Files
blackroad-os-research/data

Data Directory

⚠️ This directory contains METADATA and REFERENCES only ⚠️

DO NOT commit large datasets, proprietary data, or sensitive information to this repository.

Purpose

This directory documents:

  • Where actual datasets are stored (external locations)
  • Small sample datasets for testing and examples
  • Synthetic datasets for demonstrations
  • Data schemas and formats

What Goes Here

Allowed:

  • README.md files describing data sources
  • Small sample CSVs (< 100 KB, < 1000 rows)
  • Synthetic example datasets
  • Data schema specifications
  • References to external storage (S3, URLs, etc.)
  • Metadata files (JSON, YAML)

Not Allowed:

  • Large datasets (> 1 MB)
  • Raw production data
  • Personal or sensitive information
  • API keys or credentials
  • Proprietary datasets
  • Binary data files (.pkl, .h5, .parquet)

Directory Structure

data/
├── README.md          # This file
├── samples/           # Small sample datasets for testing
│   └── *.csv
├── examples/          # Synthetic example datasets
│   └── *.csv
└── schemas/           # Data format specifications
    └── *.json

Note: /schemas at the repository root contains JSON schemas for core concepts.
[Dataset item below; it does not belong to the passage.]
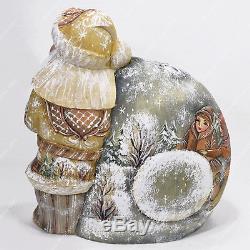 Old World Style Santa Claus Statue Christmas Russian Hand Carved Wooden Figure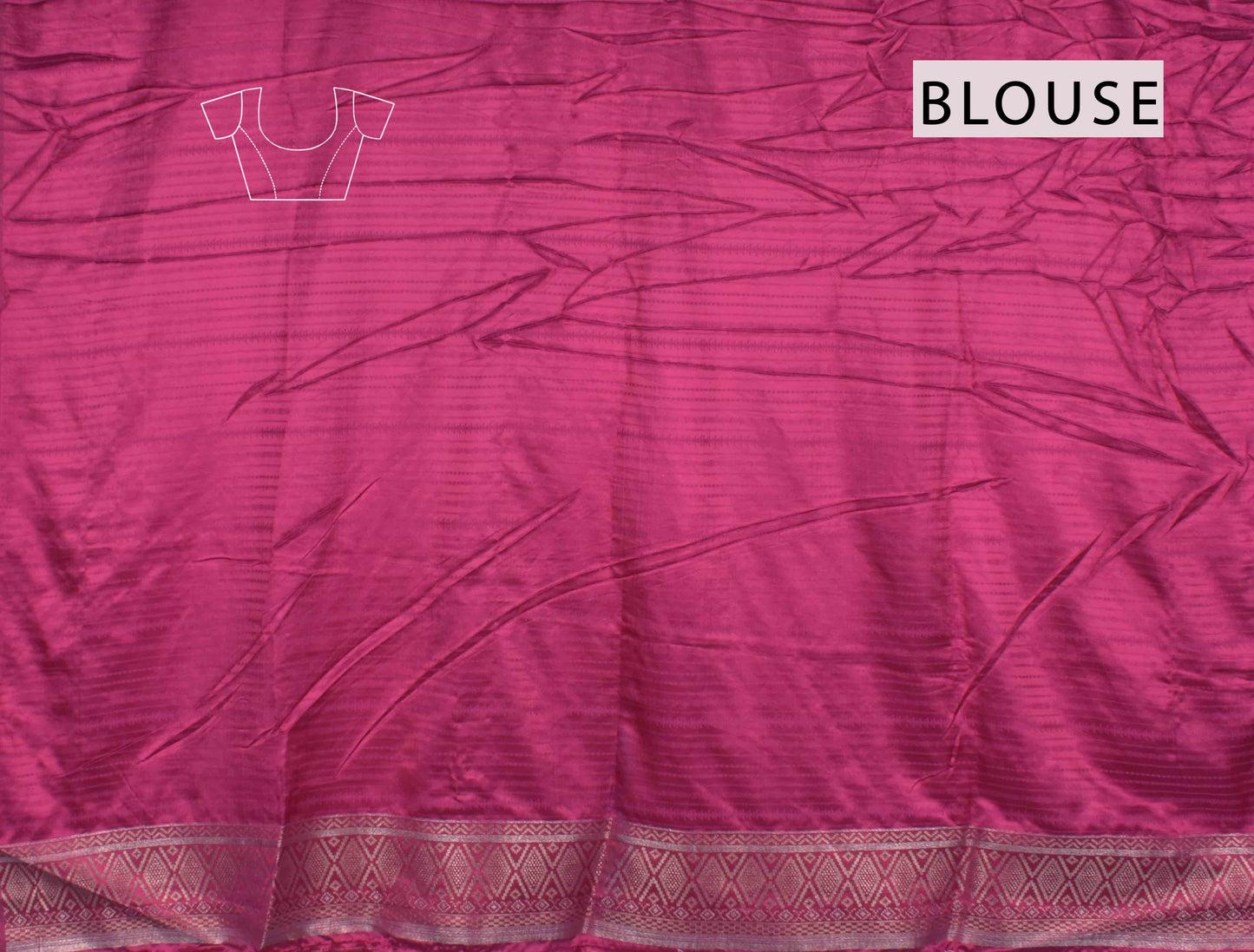 Dark Pink Pure Dola Fancy Heer Lines Zari Border Saree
This data/schemas/ is for dataset format specifications.

External Data Sources

SIG Embeddings Dataset

  • Location: s3://blackroad-research/sig-embeddings/v2/
  • Size: ~10 GB (compressed)
  • Format: Parquet files partitioned by date
  • Schema: See /schemas/sig.schema.json
  • Access: Requires AWS credentials with read access to blackroad-research bucket
  • Description: Agent embeddings in spiral coordinate system with factor tree annotations
  • Last Updated: 2025-11-20

QLM Interaction Traces

  • Location: s3://blackroad-research/qlm-traces/
  • Size: ~5 GB
  • Format: JSONL (JSON Lines)
  • Schema: See schemas/interaction-trace.json (if created)
  • Access: Requires credentials
  • Description: Logged agent interactions for QLM analysis
  • Last Updated: 2025-11-15

Agent Worldline Dataset

  • Location: External database (contact research team)
  • Size: ~50 GB
  • Format: PostgreSQL dump
  • Access: Database credentials required
  • Description: Historical agent worldlines with PS-SHA∞ hashes
  • Last Updated: Ongoing

Sample Data

Small samples from larger datasets are stored in samples/ for:

  • Quick testing in notebooks
  • Example code demonstrations
  • CI/CD pipeline testing

Example:

import pandas as pd

# Load sample data (safe to commit)
df = pd.read_csv('data/samples/sig-sample-100.csv')
print(f"Sample has {len(df)} rows")

# Reference full dataset (not in repo)
# Full dataset: s3://blackroad-research/sig-embeddings/v2/

Synthetic Data

The examples/ directory contains generated synthetic data for:

  • Demonstrations
  • Tutorials
  • Unit tests
  • Public examples

These datasets are:

  • Artificially created (not real data)
  • Safe to share publicly
  • Reproducible from code

Example:

import numpy as np
import pandas as pd

# Generate synthetic spiral data
def generate_spiral_points(n=100, noise=0.1):
    """Generate synthetic points on a spiral."""
    t = np.linspace(0, 4*np.pi, n)
    r = np.exp(0.1 * t)
    x = r * np.cos(t) + noise * np.random.randn(n)
    y = r * np.sin(t) + noise * np.random.randn(n)
    return pd.DataFrame({'x': x, 'y': y, 't': t, 'r': r})

# Save synthetic data
df = generate_spiral_points(n=200)
df.to_csv('data/examples/spiral-synthetic-200.csv', index=False)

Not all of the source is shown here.